Here are some pertinent facts from the study, which has been conducted for the last 20 years:

More than 439 million people buy a newspaper every day, up from 414 million in 2001. Average readership is estimated to be more than one billion people each day.

2005 saw the best advertising performance in four years, with a revenue increase of 5.7 percent.”

“Seven of 10 of the world’s 100 best selling dailies are now published in Asia. China, Japan and India account for 62 of them. Newspapers in seven European Union countries increased their total circulation in 2005.”

The circulation of US dailies fell -2.35 percent in 2005 and -4.02 percent over five years. Most of the decline came in evening dailies, which saw a year-on-year circulation decline of -6.6 percent, compared with only -1.6 percent for morning dailies. Over the past five years, evening dailies declined -17.5 percent, compared with a -1.4 percent drop for morning newspapers.”

Newspaper advertising revenues in the USA, by far the largest newspaper advertising market in the world, increased by +1.51 percent in 2005 and +7 percent over the last five years.”

“Newspaper online consumption rose +8.71 percent in 2005, and +200 percent over the past five years.”

“Internet advertising revenues continue to grow rapidly, and were up 24 percent in 2005, the highest growth for five years.”

Localna8ion.com: As an online marketer you’d expect me to laud the last two points focused on interactive newspaper consumption and online ad revenues but I won’t.
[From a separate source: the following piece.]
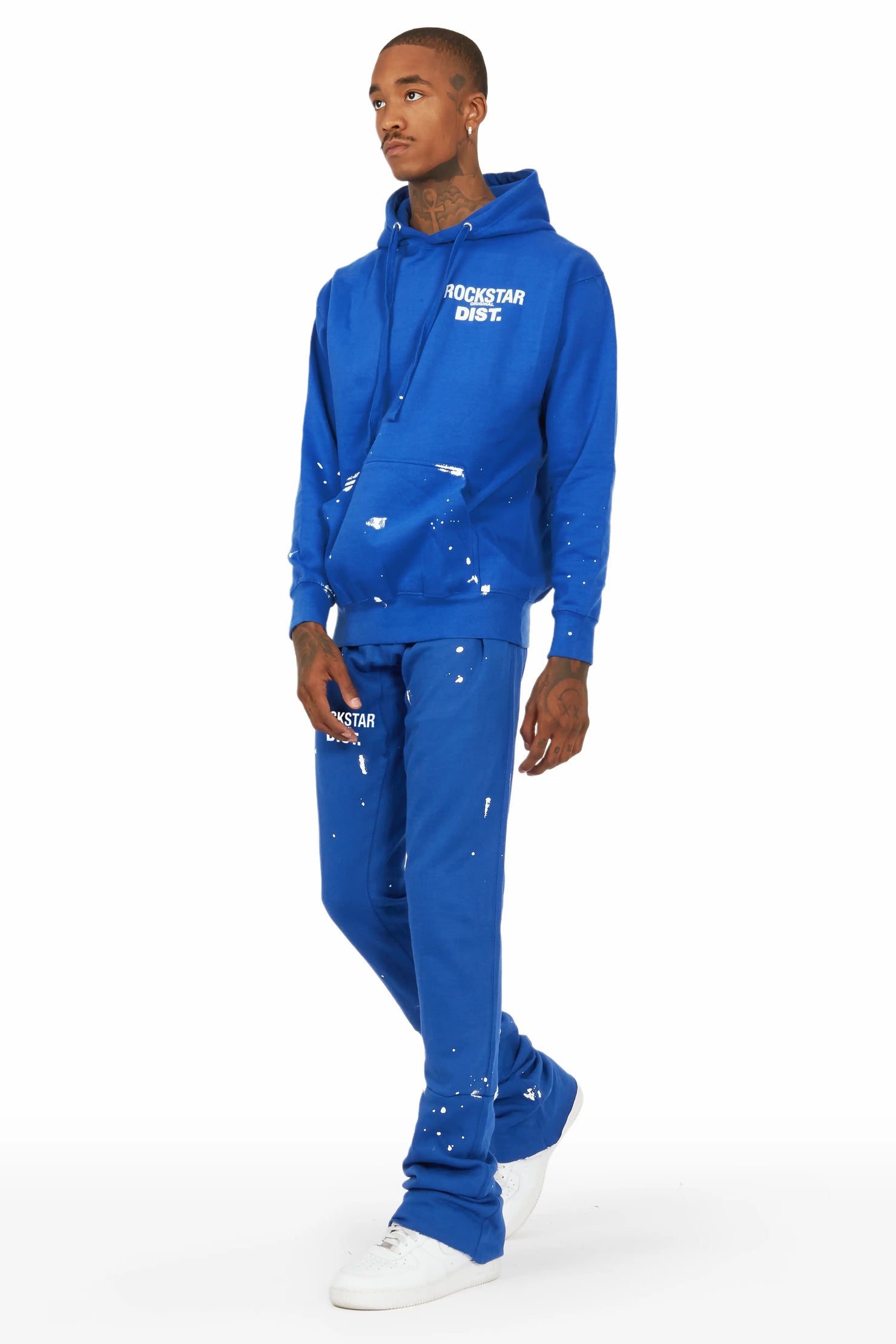 Raffer Royal Blue Hoodie/Super Stacked Flare Track Set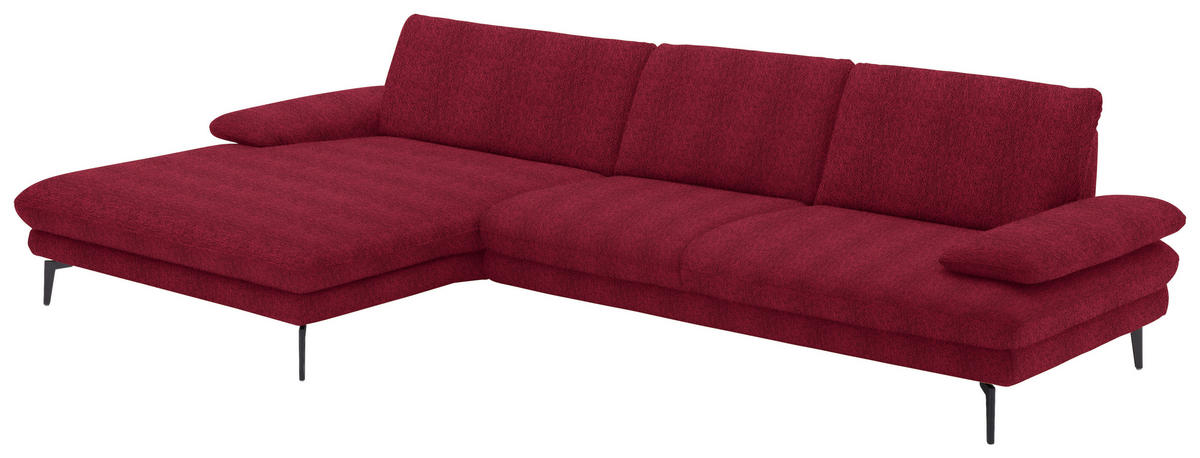 ECKSOFA in Chenille Rot  - Rot/Schwarz, Design, Textil/Metall (180/310cm) - Dieter Knoll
The key story here is that readership and ad revenues have done as well as they have given the incredible onslaught of the Internet over the last 5-10 years. Yes, the rate of change may take a hockey stick to print newspapers’ ass in the next few years but this is a good reminder that there’s a hell of a lot of people still taking their daily rag on the commuter train and to their favorite ‘quiet time’ reading place.  Here’s a shocking prediction from Localna8ion.  Newspapers will evolve spurred on by good content, longer reader life spans of boomers, and enabling technologies that will reduce their costs and expand their capabilities.